87.3° Exhaust Port Opens
118.4° Main Transfer Ports Open
118.7° Auxiliary Transfer Ports Open
121.6° Boost Port Opens
185.6° Exhaust Duration
123.2° Main Transfer Duration
122.6° Auxiliary Transfer Duration
116.8° Boost Port Duration
31.1° Blowdown Time

What are good duration specs for freestyle?

Yes, I know and think also that it is Racing Superstock cylinder, and that exhaust port is like 71% of piston diameter.
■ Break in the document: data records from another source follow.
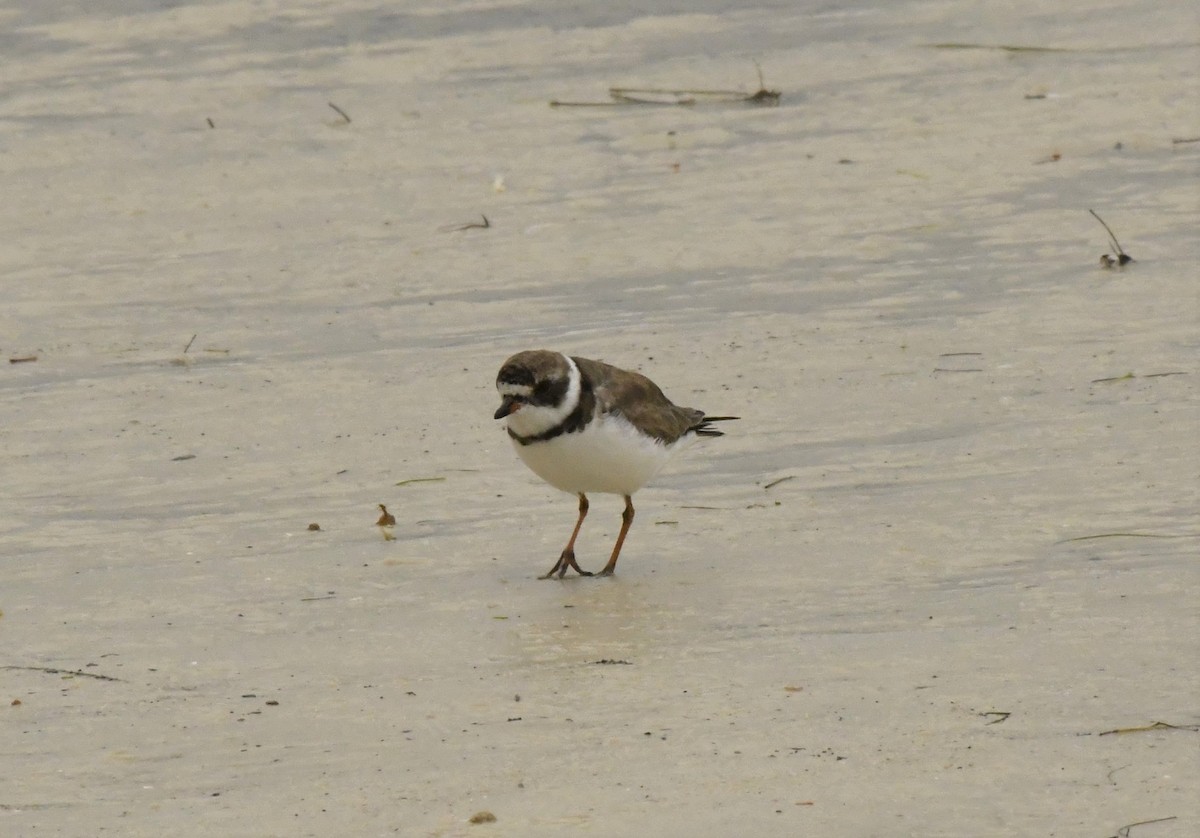 Semipalmated Plover - Gallus Quigley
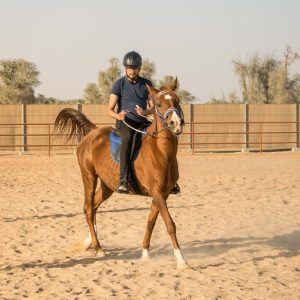 Horse Riding At Mleiha Arena Sports Events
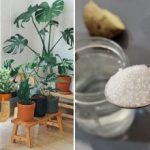 Virágzó ablakpárkány még decemberben is: hogyan készítsünk szuper-trágyát 5 perc alatt Virágzó ablakpárkány még decemberben is: hogyan készítsünk szuper-trágyát 5 perc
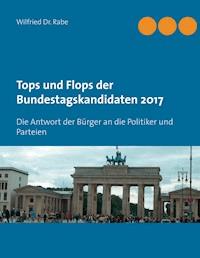 Tops und Flops der Bundestagskandidaten 2017 - Wilfried Rabe - E-Book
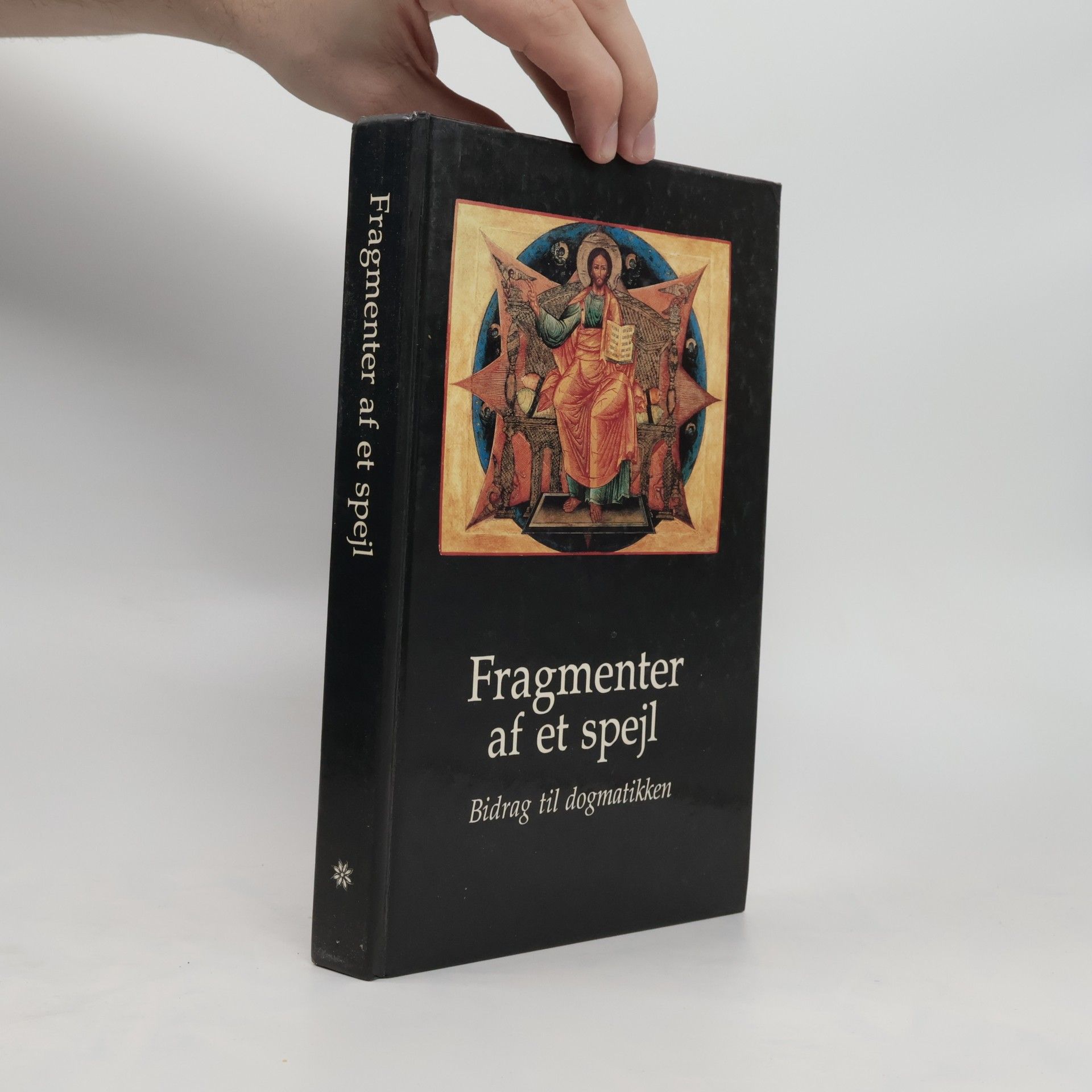 Collective Fragmenter af et spejl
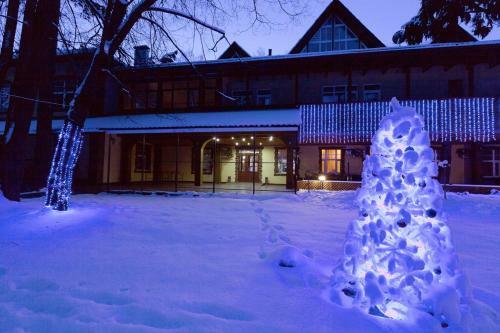 Art Hotel Pushkino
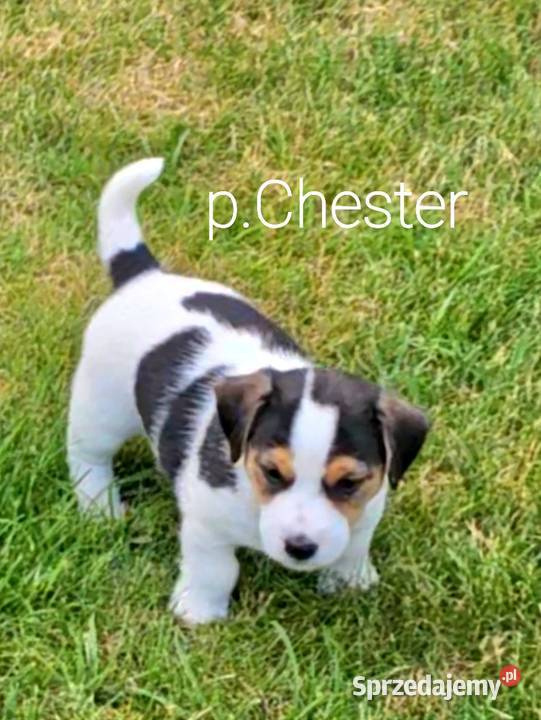 szczeniaki Jack russell terrier z rodowodem Zwierzęta opolskie Nysa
That's a tough question and depends on a lot of different variables and has a lot to do with what type of setup you're running and the type of engine you're going to build with an overall package. The stock 61x cylinders run at 118° transfer duration with a 179° exhaust duration and has a blowdown time of 30.5°. It was primarily designed for good emissions and a smooth pull throughout the entire rpm range. If you're going to build a bigger engine, you can get away with raising the duration slightly to improve mid-range performance without sacrificing the bottom end too much. Increasing the blowdown time makes the emissions worse, however, it improves the performance in the mid range and top end, but the engine will sputter and pop in the lower rpm range if not set properly. This is because the blowdown time area must allow the cylinder pressure to drop below the pressure of the fuel air mixture when the transfer ports open. If the blowdown pressure is too high when transfer ports open, it will stall or reverse the incoming charge of fuel and air. Usually as a rule of thumb, the exhaust port shouldn't be more than 66% of the bore width for freestyle/freeride use, with 68% to 70% for racing only. The higher duration numbers on the exhaust side will effect your compression while giving more top-end performance. Also there's a thing called the port time area, which is the amount of time and area required for a port to flow the necessary air at a specific rpm. The higher an engine rpm and/or pressure, the more time area required. The porting of the cylinder casting can also effect how the engine is going to perform. For instance, if you change the roof angles and shape of the transfers, it can drastically effect how the port operates. A transfer port roof that's aimed upward will work better in the lower rpm range while the curved roof angle will give better top end & mid range performance. Any engine components that you choose to bolt on; such as reeds, carbs, intake, exhaust, ignition, etc., will effect how each port operates and may or may not improve the overall performance. So when you ask me "what's a good duration spec for freestyle", I'll have to say it depends on your complete setup and what components you're using to make it all work.

 

[deanz]

stinger mod

gee thanks #.0 for all your informative posts, they are very much appreciated.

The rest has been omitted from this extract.